I've recently purchased a Samsung 870 EVO SSD to replace the HDD inside my laptop. To clone the drive inside my laptop to the SSD, I found that I can purchase a SATA to USB cable to facilitate the file transfer and then replace the HDD with my SSD. However, in the interest of saving a few dollars for buying this SATA cable, I was wondering if I could instead use my old external hard drive that already has a USB connector to act as a middle man for this file transfer.

The old external hard drive is a Toshiba HDTB120XK3CA that I can already connect to my laptop via USB. This uses a non-SATA cable to do the file transfer, so I cannot use that cable on my SSD.

Could I clone my current HDD to my old Toshiba HDD, swap out the current HDD to the new SSD, and then boot into my laptop with the external HDD and clone it onto my now internally installed SSD? I feel like I can accomplish this with any cloning software (I was thinking Macrium Reflect) but is there anything else I need to be aware of?

I should mention that the operating system is Windows 10. The Toshiba HDD currently has some files on it but I can empty it for any file transfer. Both the current HDD and the new SSD have 1TB storage, the Toshiba has 2TB storage.

Also, I know that Samsung has some Data Migration software I could use for the transfer between my HDD and my Samsung SSD, but I'm not sure this will work for the initial transfer between the two HDDs even though the current HDD is an old Samsung drive. I was wondering if there was any benefit to using the Samsung software for the second file transfer instead of the cloning software I choose for the first one. And is it even possible to use the Samsung software for transferring from external to internal because I've only found instances of it being used the other way around.
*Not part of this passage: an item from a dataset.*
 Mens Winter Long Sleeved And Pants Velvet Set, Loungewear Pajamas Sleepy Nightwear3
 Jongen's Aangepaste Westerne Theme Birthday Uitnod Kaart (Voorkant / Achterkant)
  • Yes, it will work. Why not? Cloned data is cloned data. You could clone your SSD to a half a dozen different hard drives and it doesn’t mater. The generic advice is based on people who don’t have multiple hard drives and the assumption is they only have two storage devices: New device and old device. You’re overthinking this. Mar 21, 2021 at 14:59
  • Samsung Magician features only work with their own SSDs. What software are you using to duplicate your HDD?
    – Ramhound
    Mar 21, 2021 at 15:01
  • @Ramhound I was thinking about using the free version of Macrium Reflect. Do you have any other suggestions?
    – Don Robin
    Mar 21, 2021 at 15:15
  • Questions seeking software-recommendation are out of scope. There is an existing question that already covers possible recommendations. My personal recommendation would be out of scope and wasn't the reason I submitted my comment.
    – Ramhound
    Mar 21, 2021 at 15:32
  • FWIW, you don’t need special software to clone data. Also, generally avoid any software that has the word “Wizard” or “Magician” in the title; the tend to be crap for various reasons. In this case, Samsung is basically locking the disk duplication process to only their devices. There is no reason to do that. Mar 21, 2021 at 17:13

1 Answer 1


I was able to complete the transfer using the external hard drive as the middle man but I had some complications that I felt I should describe how I solved and some suggestions to anyone trying to attempt cloning their current hard drive.
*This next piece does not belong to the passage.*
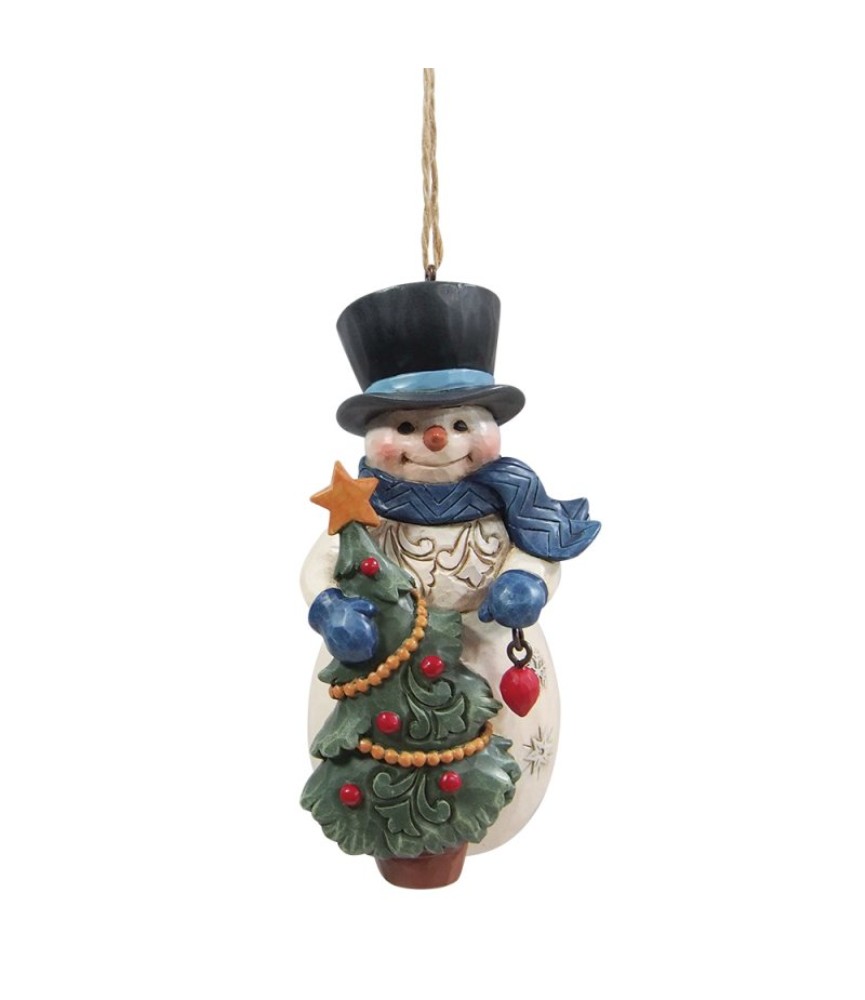 Vooruitbetaling: Snowman with Tree Hanging Ornament (Exp 2025-09-29)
1: It is true that you cannot boot up windows off a USB connection. It has to be connected directly to the motherboard. To overcome this issue, I used Macrium Reflect's "Bootable Rescue Media" feature. With this feature, you are able to put the whole program into a USB stick and use that to boot your computer.

To be able to boot from the USB, make sure your BIOS is set so that "Launch CSM" is enabled and "Secure Boot Control" is disabled. These are the settings that were required on my ASUS computer, your's may be different.

I didn't realize there were so many programs that you could just boot into without Windows to complete the clone originally which is why I wanted to boot into Windows just to use Macrium.

I also tried Clonezilla (which is an alternative to Macrium Reflect) but because my external hard drive was twice the size of the SSD (even though all the data within the external hard drive could fit in the SSD and the rest of the data was unallocated), I faced some errors and, to be honest, it wasn't worth the effort since I found Macrium's Rescue Media to be much easier and better looking.

2: I also suggest completing the initial transfer from the PC's original hard drive to the external (or if you are doing it directly to your new drive) using the Macrium bootable Rescue Media as well.

When I completed the final transfer from the external hard drive to the SSD, I found that Windows was very glitchy: I couldn't connect to ethernet or wifi, the whole "Network and Internet" Settings crashed whenever I tried to go there to troubleshoot, the troubleshooter had some errors itself initially, and safe mode was not working either.

The issues were not there when I was using the original hard drive so I assume they came up because of a poor cloning process. Even though I was cloning with Macrium on Windows, I was not even using the computer, which I thought was good enough but not anymore.

If you do face these issues though, I was able to fix them by updating Windows. Since my internet was not working, I used another computer to download and install Windows Media Creation Tool. I was able to run this program and put the latest update on another USB stick by following the instructions shown. I then just put the USB in my glitchy computer and ran the setup.exe file and followed the instructions to update.

3: Another issue I faced after cloning the data over to my SSD was that, for some reason, I was only able to boot into Windows while the external hard drive was connected.

I suspect this happened because I rebooted the computer, right after the cloning completed, with the external drive still connected. If I were to do it again, I would have unplugged the external drive before rebooting it.

To fix the issue though, I followed the answer to a question with the same problem. I knew from Macrium Reflect that my external drive was using the letter "D" for it's partition but the new SSD was using "C". Going into the command prompt in administrator and typing in "bcdedit", I was able to see that, under Windows Boot Loader, device and osdevice pointed to my "D" partition. I followed the fix shown in the answer:

Bcdedit /set {default} device partition=c:
Bcdedit /set {default} osdevice partition=c:

and fixed that problem as well.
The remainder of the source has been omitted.